In the second study we extend an existing semi-supervised learning method called GeneFishing for application to single cell RNA-sequencing data (scRNA-seq). Single cell data has unique properties that make its analysis different from the bulk data used in Chapter 2. While direct application of GeneFishing was not always possible in scRNA-seq, due to dissimilar sources of variation and a marked increase in technical noise, the provided modifications allowed for the analysis to be possible. In addition to using GeneFishing as an effective gene prioritization method in single cell data, we show that it can be used as a way to understand how to measure gene-gene co-expression and as a context specific feature selection method for downstream analyses. Again, we present the accompanying software package, scGeneFishing, for performing GeneFishing in a variety of datasets, including scRNA-seq.
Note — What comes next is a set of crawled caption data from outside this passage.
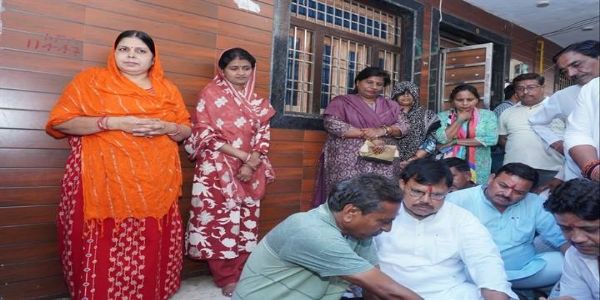 ग्वालियरः ऊर्जा मंत्री तोमर ने द्वार-द्वार जाकर सुनी आमजन की समस्याएं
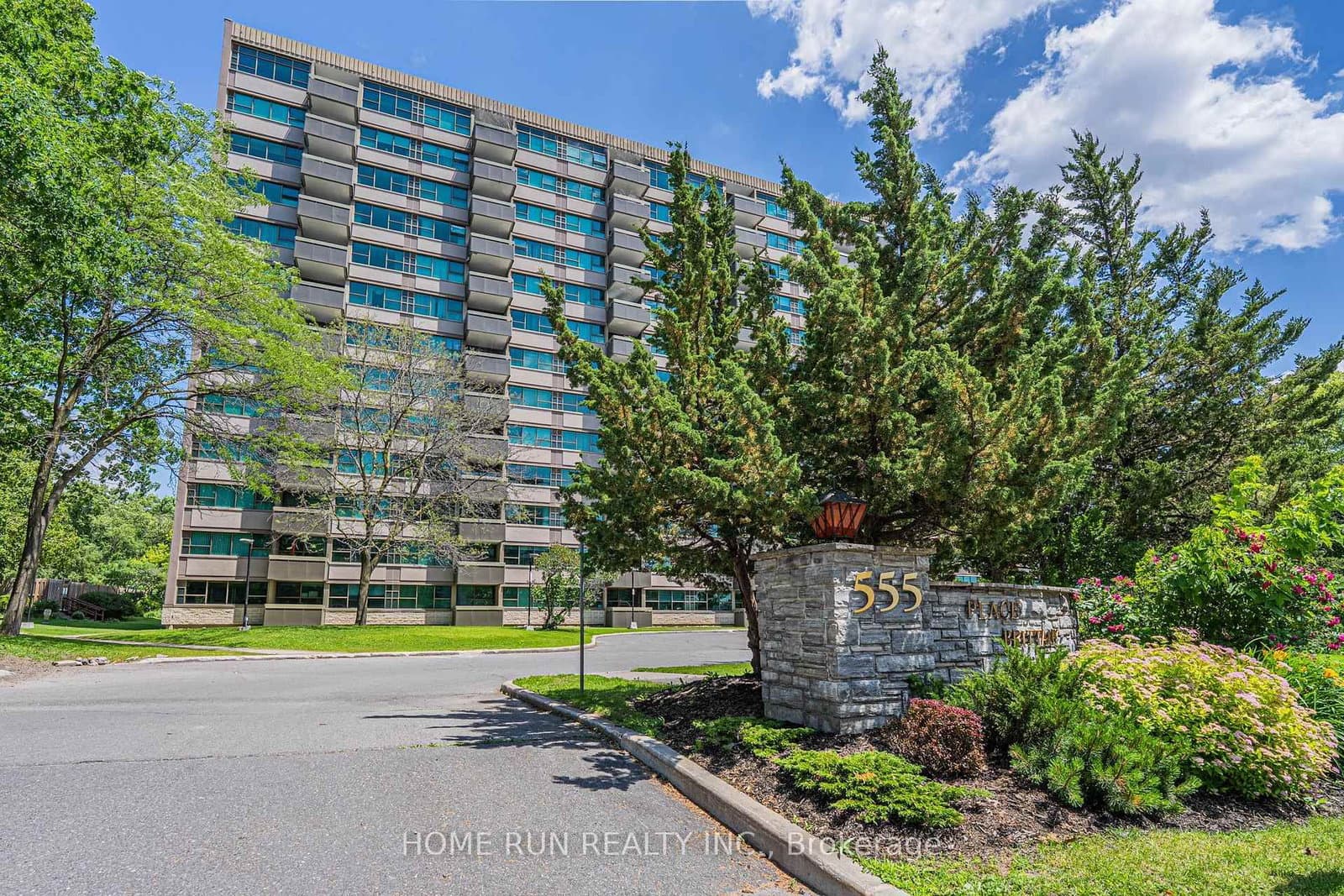 BRITTANY Drive in Ottawa · Viscount Alexander Park — photo 2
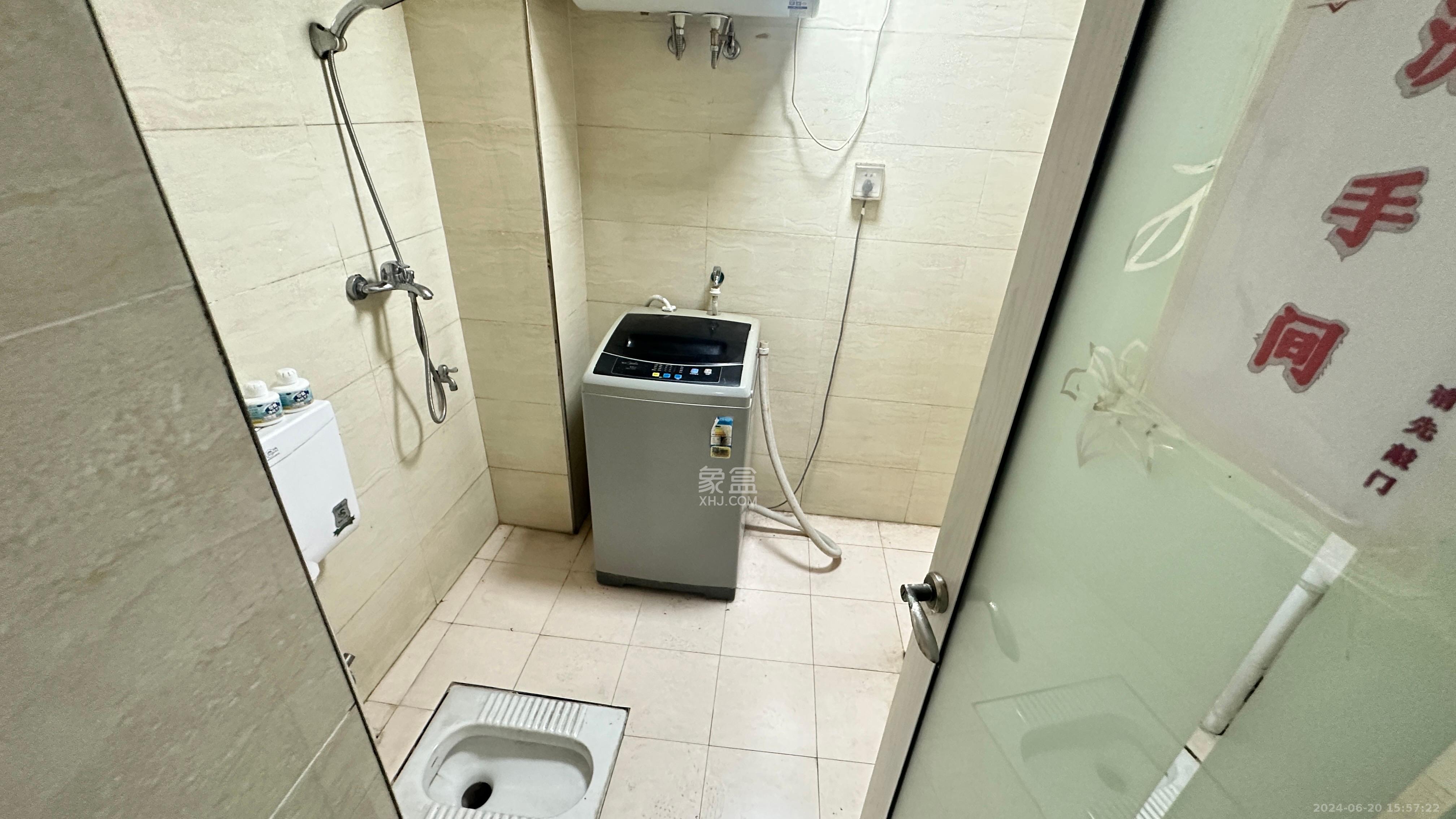 勤诚达新界  2室2厅1卫   1500.00元/月室内图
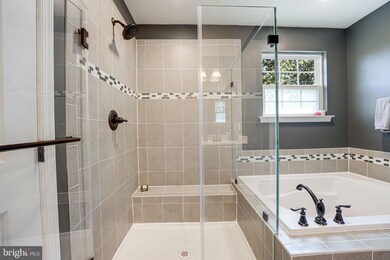 12921 Hoadly Manor Dr, Manassas, VA 20112 - photo 5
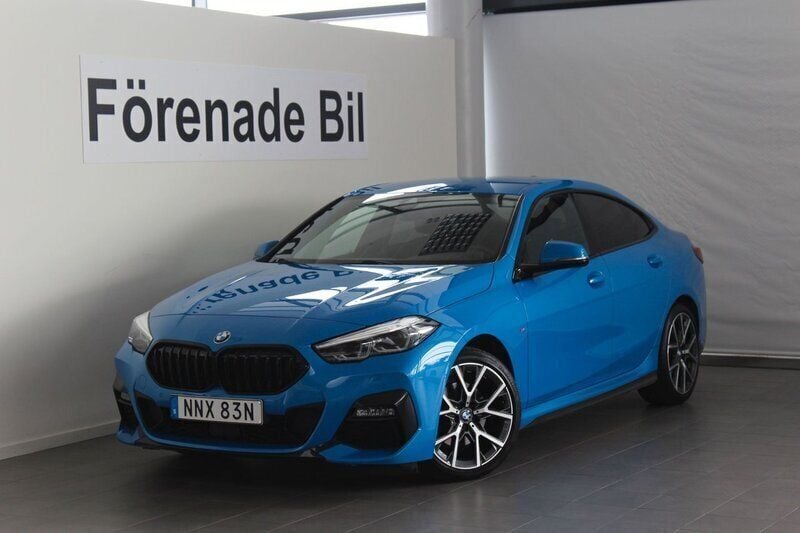Blå Begagnad 2022 BMW 218 M Sport Sportkupé | 289 000 kr (Marknadspris) - Bild 1/4
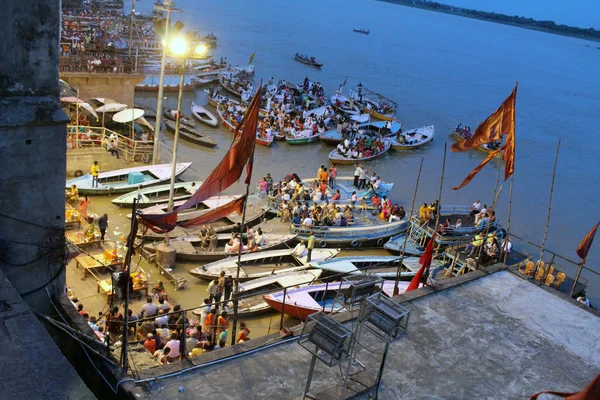 Célèbre Rituel Feu Procession Varanasi Attirant Les Touristes Les Habitants — Photo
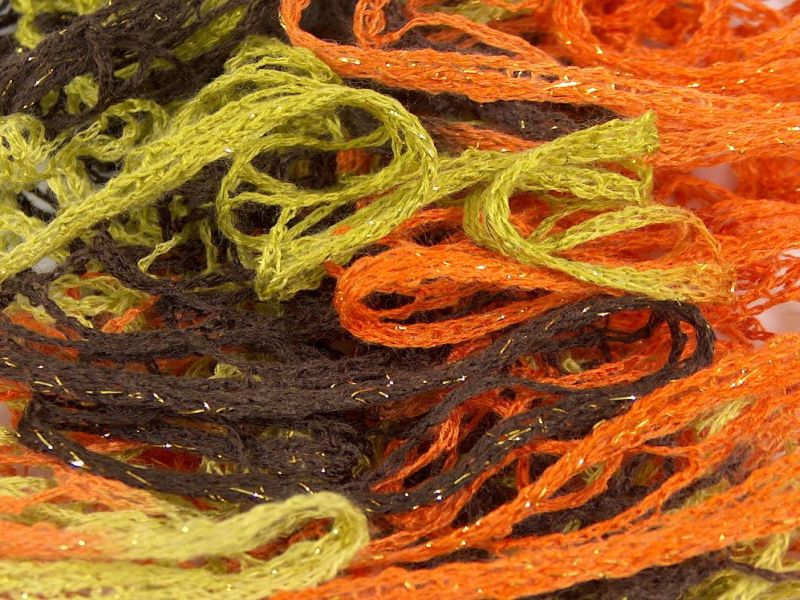 Acacia Yarns Flamenco Yarn in Colorway 012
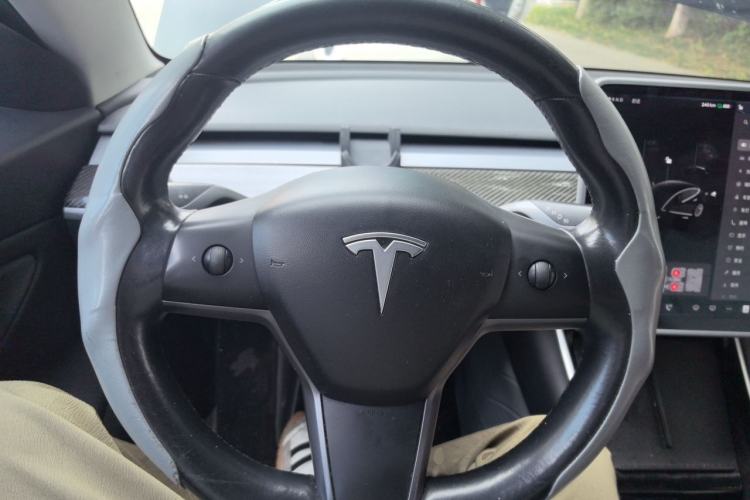 Used Tesla Model 3 2019 Long-Range All-Wheel-Drive Version Steering Wheel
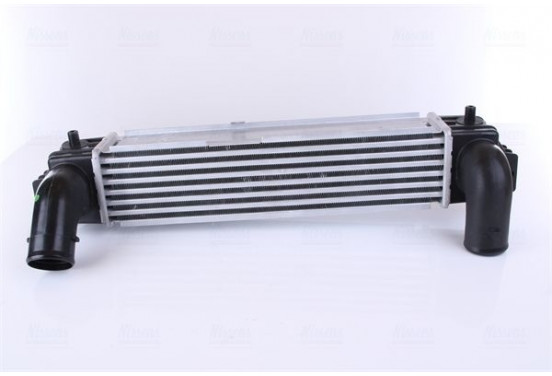 Intercooler 96215 Nissens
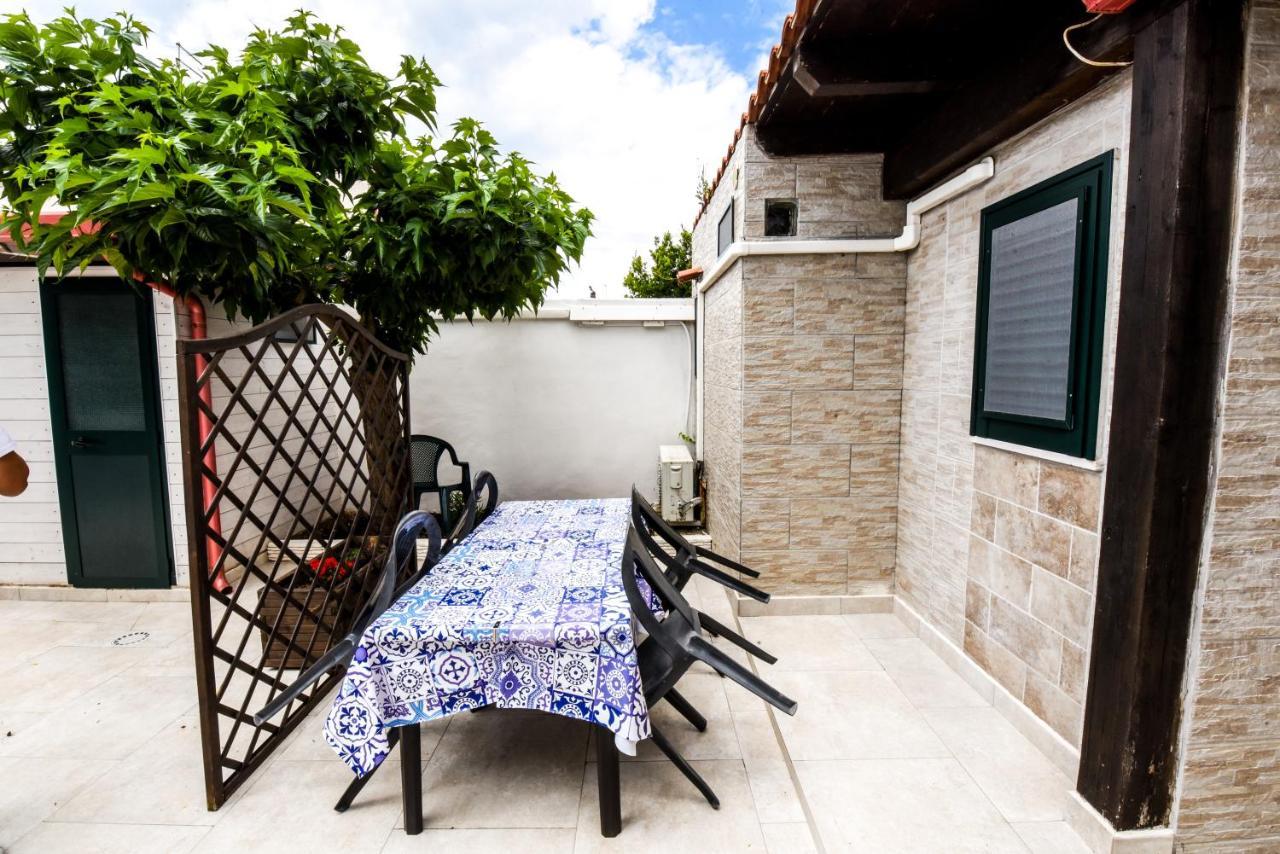 B&B Macchia Mediterranea San Pietro in Bevagna Exterior photo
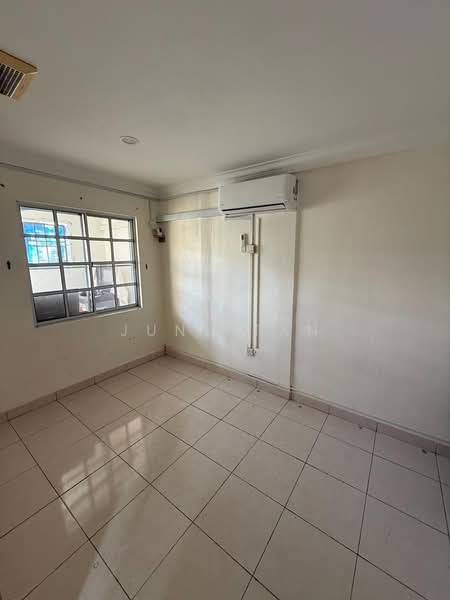 Rumah Teres 2 Tingkat untuk Dijual di Taman Sri Putri (Kulai) - June Tan - PropertyGuru.com.my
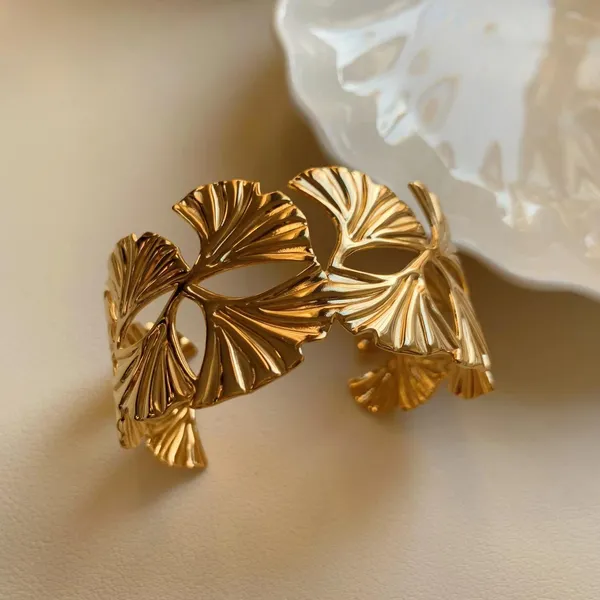 Golden_Whisper_Layered_Cuff_Bracelet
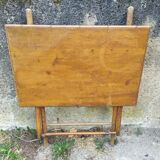 Foldable wooden table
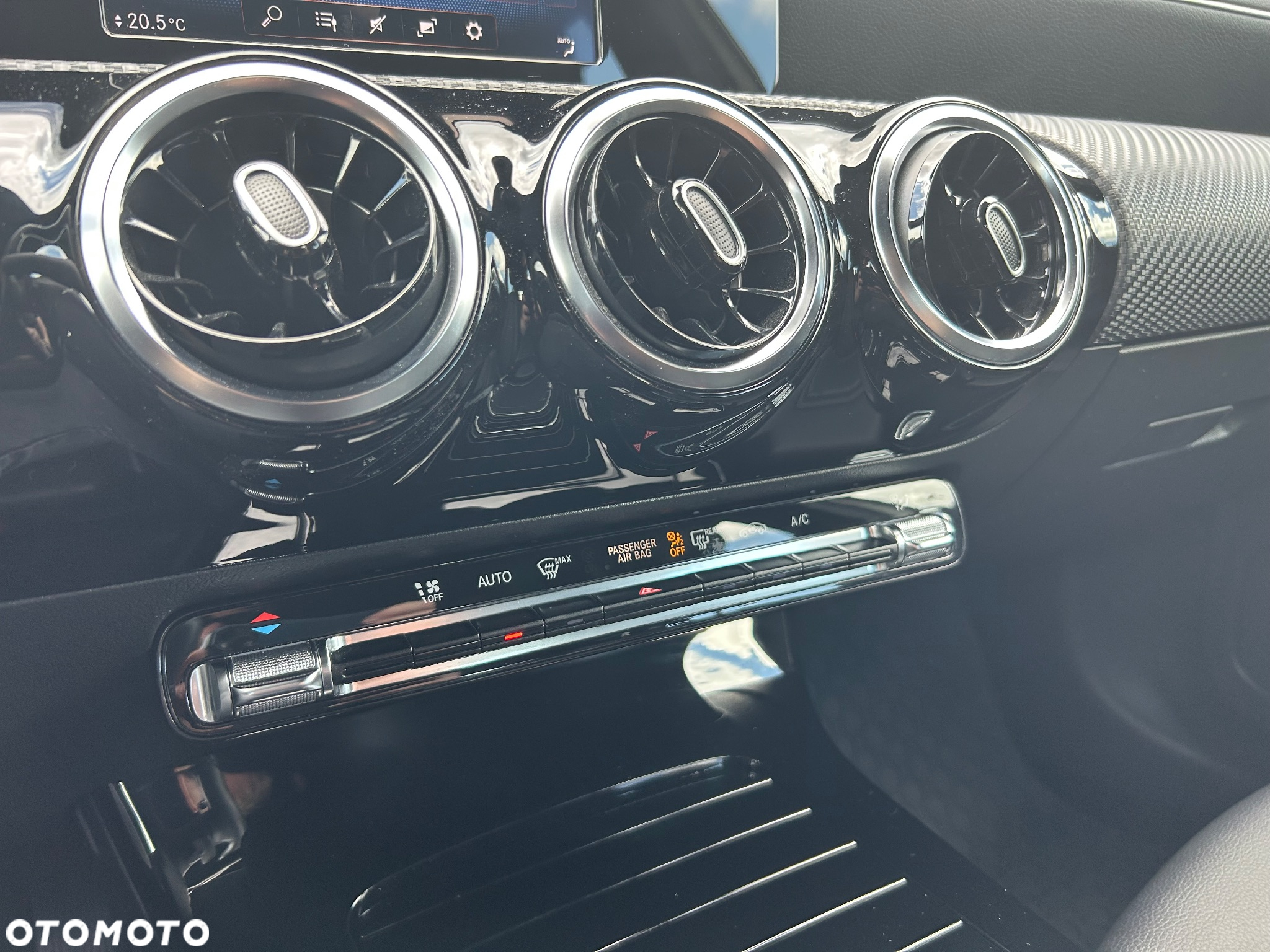 Mercedes-Benz Klasa A 180 7G-DCT - 19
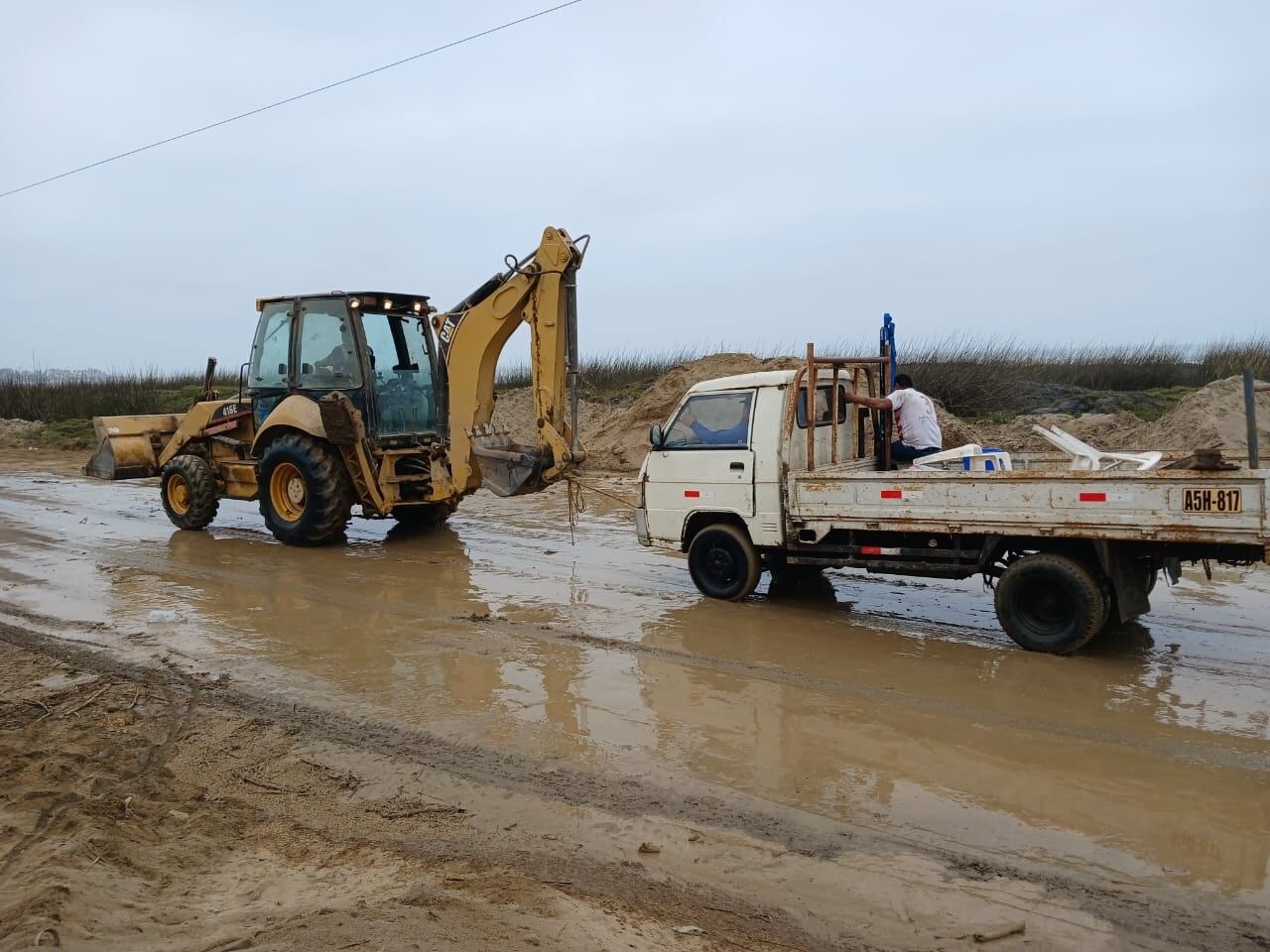 Colapso de laguna de oxidación situada en el sector El Tablazo destruyó 800 metros de la carretera Costanera y dejó dos vehículos atrapados.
Finally in Chapter 4 of this dissertation we analyze a different type of medical data, brain images. We use MRI scans of patients with primary progressive multiple sclerosis to study the association of regional brain volume at baseline with disease progression. We find that statistics summarizing volume in pre-defined regions of interest (ROIs) are not more predictive of progression than using traditional clinical and MRI variables. However, by deriving data-driven ROIs through voxel-level clustering we are able to achieve better predictive performance.